When John played this song with the band on his concerts, the intro had different arrangements as he regularly played it in his tours during the album tour, Sleeping with the Past Tour and the rest of 1990s before he retired it in 2000 as the One Night Only concert in Madison Square Garden remains the most recent performance of it.

Chart performance
Upon its release in 1988, the song reached number 30 on the UK Singles Chart and peaked at number two on the US Billboard Hot 100 in August 1988, becoming John's highest-charting hit of the 1980s in the US. The song also became John's eighth number-one on the Billboard Adult Contemporary chart.
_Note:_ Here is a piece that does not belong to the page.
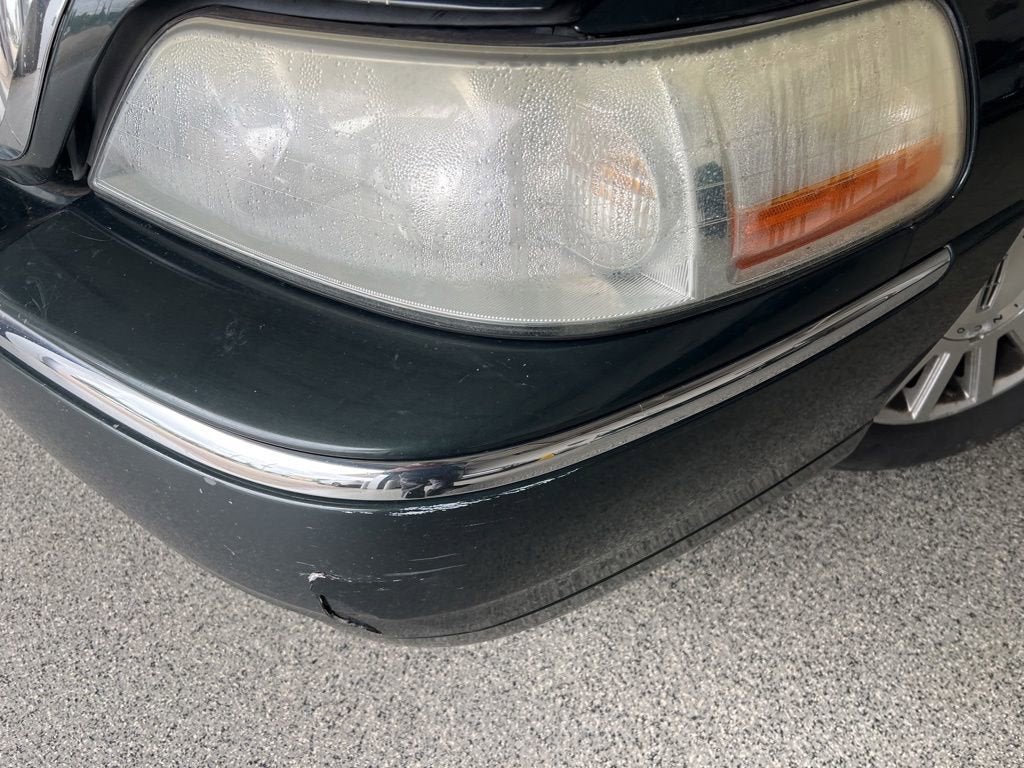 2003 Lincoln Town Car Signature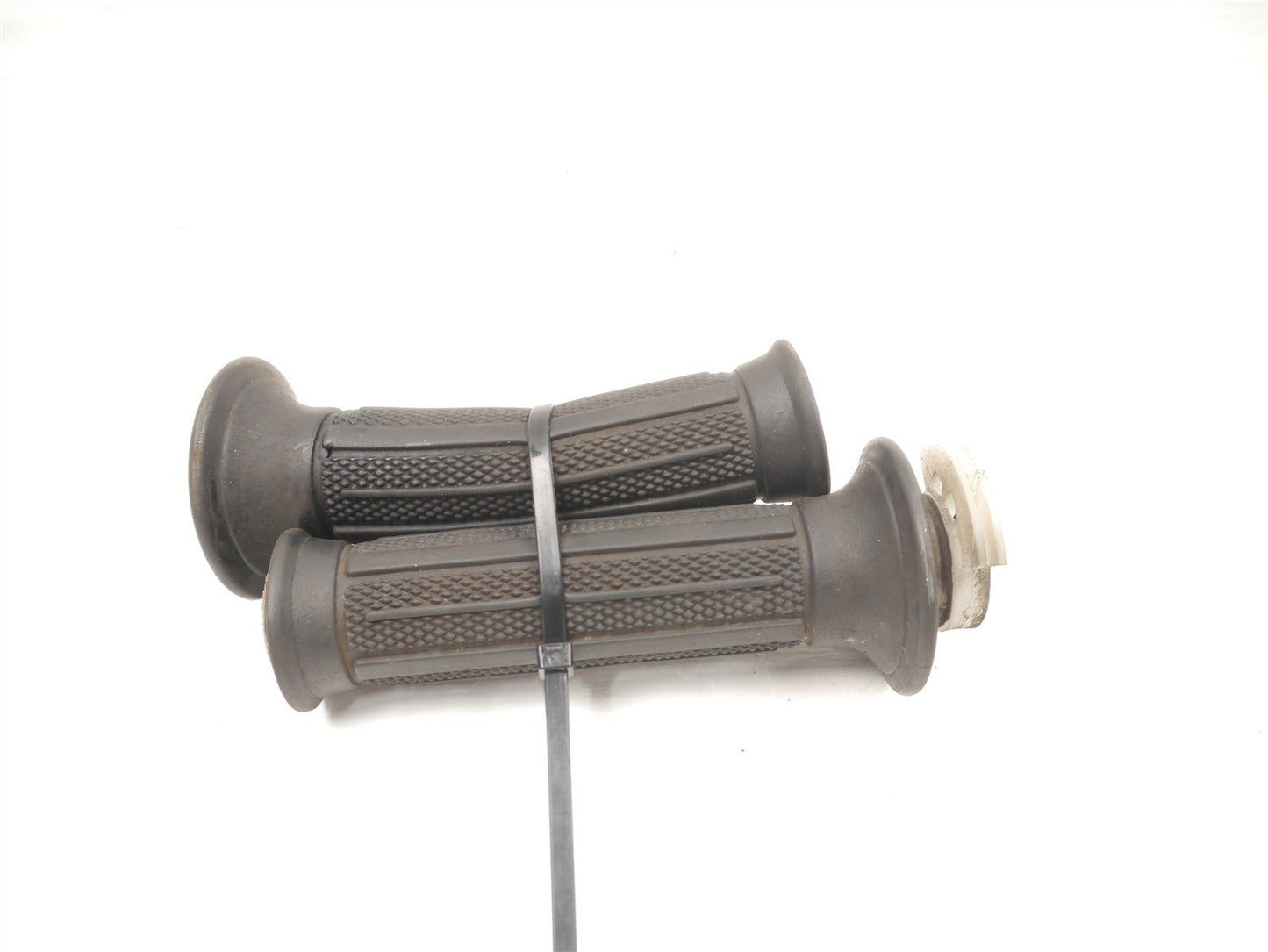 SUZUKI VX800 THROTTLE TUBE & GRIPS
In Canada, the single peaked atop the RPM 100 Singles chart for three weeks, giving John his 13th chart-topper there.

Critical reception
American magazine Cash Box called "I Don't Wanna Go On with You Like That" "a straight-ahead dance/rocker that gets on a forward track and stays there" with "biting lyrics." Robin Smith from Record Mirror felt that John is "right on target" with the classic rock of the song. Richard Lowe from Smash Hits wrote, "His new tune's not much cop though. It's a lacklustre ditty that he probably knocked out one lazy afternoon and its only saving grace is the rather extraordinary popping noise that runs all the way through. Must be one of these new-fangled electric drums. Quite odd."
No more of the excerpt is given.